A behemoth the size of Saturn that revolves around its star more closely than Mercury does the Sun, a planet known as WASP-39 b is unmatched by any other planets that exist in our solar system. This exoplanet was one of the first to be studied when NASA started the official science operations on a regular basis by using James Webb Space Telescope. The findings have the exoplanet scientific community in a frenzy. Moreover, potassium, carbon monoxide, Water, sodium, and sulphur dioxide have all been discovered in the profile of WASP-39 b’s atmospheric ingredients created by Webb’s highly sensitive detectors. The results are encouraging for Webb’s sensors’ capacity to carry out a wide range of studies of exoplanets of various types, including rocky, tiny planets that are considered in the TRAPPIST-1 system (Scitechdaily, 2022).

Signatures of molecule with active Chemistry and Clouds

The latest James Webb telescope mission by NASA was to discover the chemical and molecular profile of the skies of a distant world, marking another first. The latest results from Webb show a very comprehensive variety of molecules, atoms, and also some evidence of active chemistry and clouds, in contrast to earlier findings from space observatories, such as Spitzer and NASA’s Hubble. The most recent information also gives a suggestion as to how these clouds would seem up close, suggesting that they are likely split up rather than covering the globe uniformly. The array of the telescope’s highly delicate apparatus was focused right on the environment of WASP-39 b, circulating a star around 700 light-years distant. The results are promising for the ability of Webb’s apparatus to do the extensive range of analyses of all types of exoplanets, or worlds around other stars, that the scientific groups had hoped for. As part of this, it is possible to explore the atmospheres of smaller, stonier planets like those in the TRAPPIST-1 system. It has been noted that the telescope has a variety of equipment that, when combined, offer a wide range of infrared detection and a variety of chemical fingerprints that were previously out of reach. Data like these change the game of understanding these other planets (NASA, 2022).

Five new scientific publications, three of which are in under review and one of which is in press, cover the discoveries in depth. One of the ground-breaking discoveries is that of sulphur dioxide (SO2) for the first time in an exoplanet’s atmosphere. This molecule is the result of chemical processes started by high-energy light from the planet’s parent star. Similar processes are used on Earth to produce the protective ozone layer in the upper atmosphere.

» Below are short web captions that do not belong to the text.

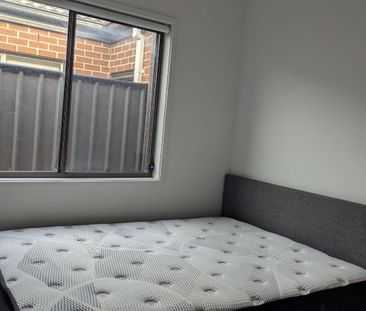 Clyde North - Photo 3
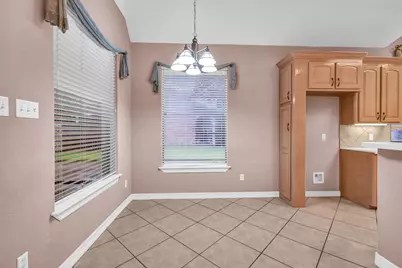 105 Indian Paintbrush, Lake Jackson, TX 77566 - Photo 13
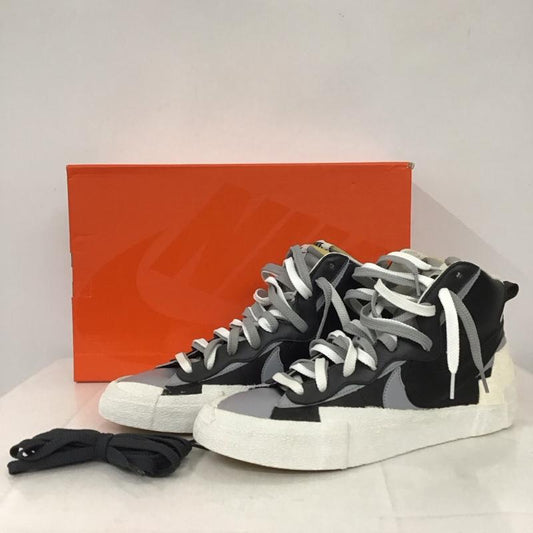 ナイキ NIKE スニーカー スニーカー BV0072-002 BLAZER MID SACAI 28cm 箱有 28.0cm ロゴ、文字 黒 / ブラック / X 白 / ホワイト / X 灰 / グレー /  メンズ USED 古着 中古 10132472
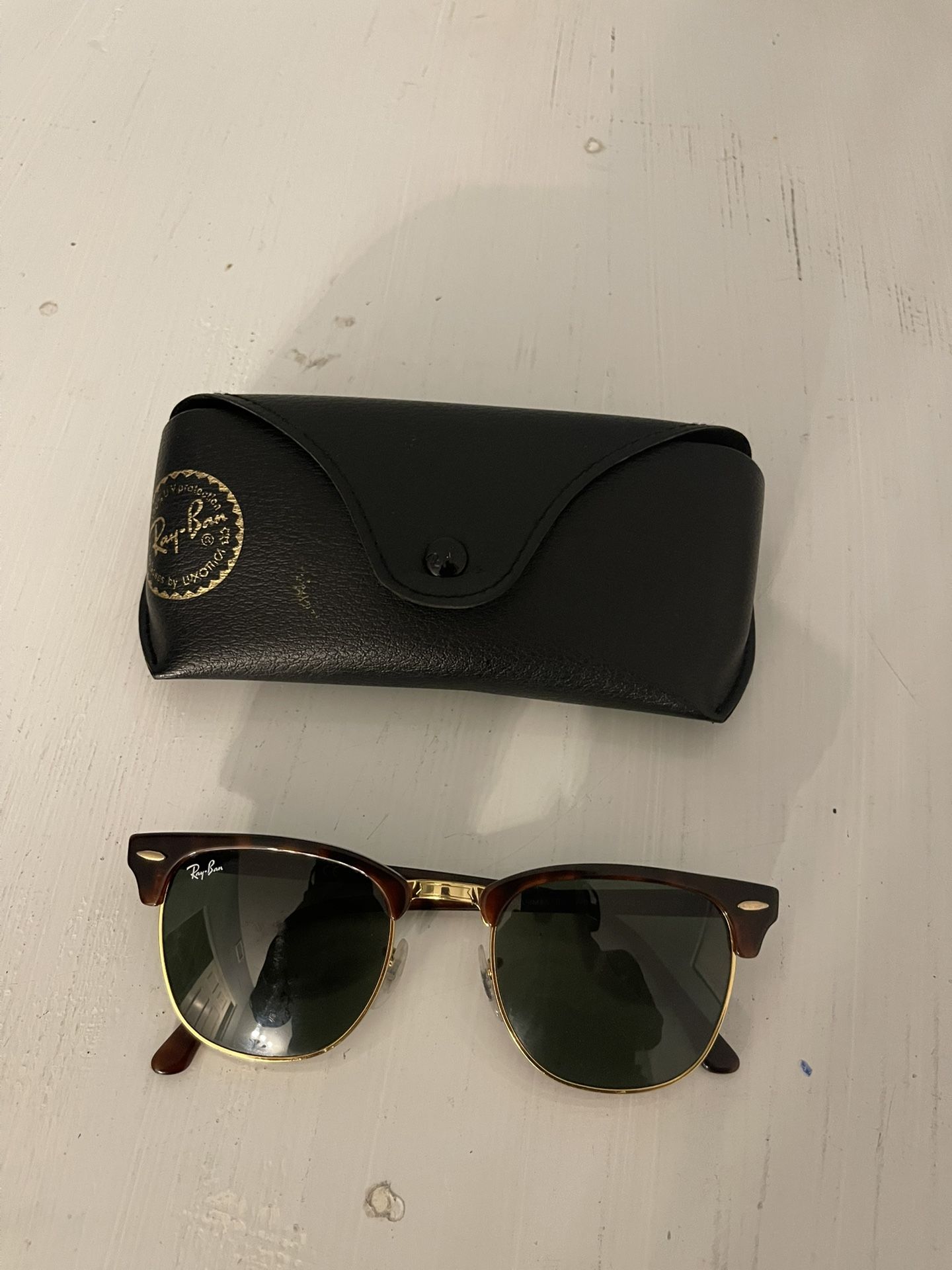 Ray Ban Clubmaster Classic Black & Gold Sunglass
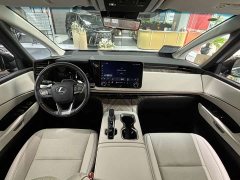 Lexus LM 2023 500h Six-Seat Premium Edition - ფოტო 10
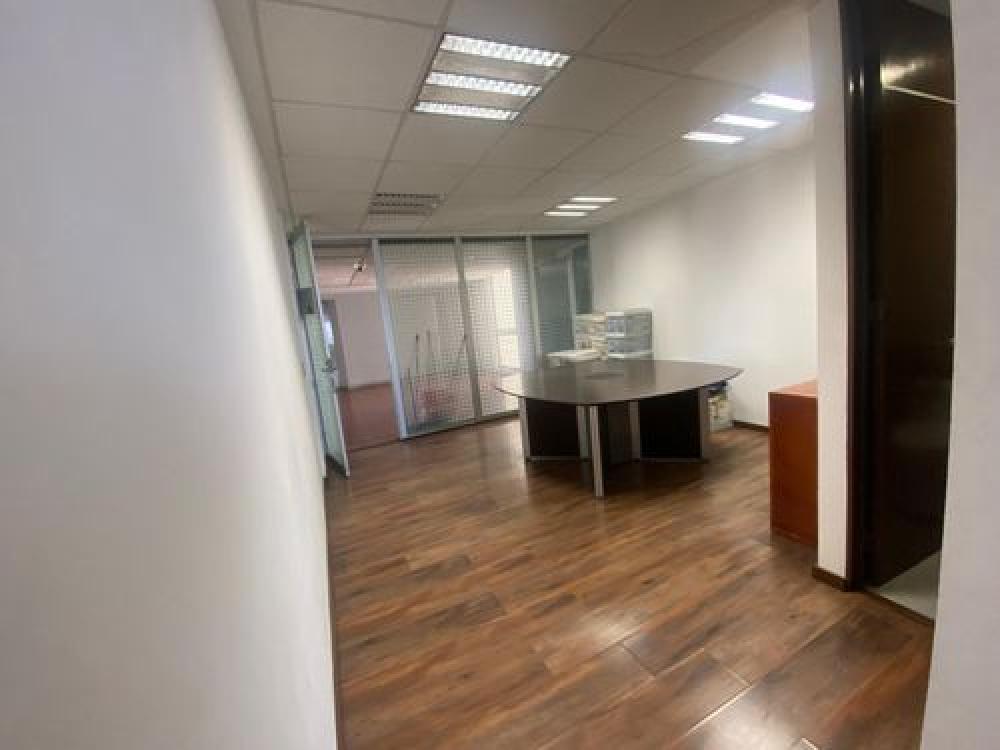 Oficinas en venta en el CONDOMINIO GUADALAJARA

Concrete evidence of photochemistry

The formation of Sulphur dioxide in WASP-39 b’s atmosphere was described in the paper by Shang-Min Tsai, a researcher at the University of Oxford in the United Kingdom. Tsai asserted that this was the first time actual proof of photochemistry—chemical processes initiated by energetic stellar light on exoplanets had been seen. I believe this effort has a highly promising future for enhancing our understanding of the atmospheres of exoplanets. Another first as a result of this was the use of photochemistry computer models on the data that assists with the full explanation of such physics. The ensuing advancements in modelling will contribute to the development of the technological know-how necessary to decipher future indications of habitability (NASA, 2022).

“We had anticipated what the telescope would reveal, but it was more accurate, more varied, and more stunning than I had truly anticipated” – Hanna Wakeford.

Planets circling within the host star’s radiation bath are molded and changed. These changes on Earth enable life to flourish. Eight times closer to its home star than Mercury is to our Sun, the planet serves as a testing ground for the effects of radiation from host stars on exoplanets. Improved comprehension of the star-planet relationship should lead to a greater comprehension of how these factors impact the variety of planets seen in the solar system. Webb followed WASP-39 b when it crossed in front of its star, allowing part of the star’s light to get through the planet’s atmosphere and allowing for the detection of light from the object. Astronomers can identify the molecules by looking at the colors that aren’t present because different kinds of particles in the atmosphere absorb different colors of the starlight range. Webb can identify chemical fingerprints in the universe that are invisible to the human eye by observing it in infrared light.

The Webb telescope also picked up measurements of sodium (Na), potassium (K), and water vapor (H2O), which confirmed earlier observations made by ground- and space-based telescopes and discovered new fingerprints of water at these longer wavelengths (NASA, 2022).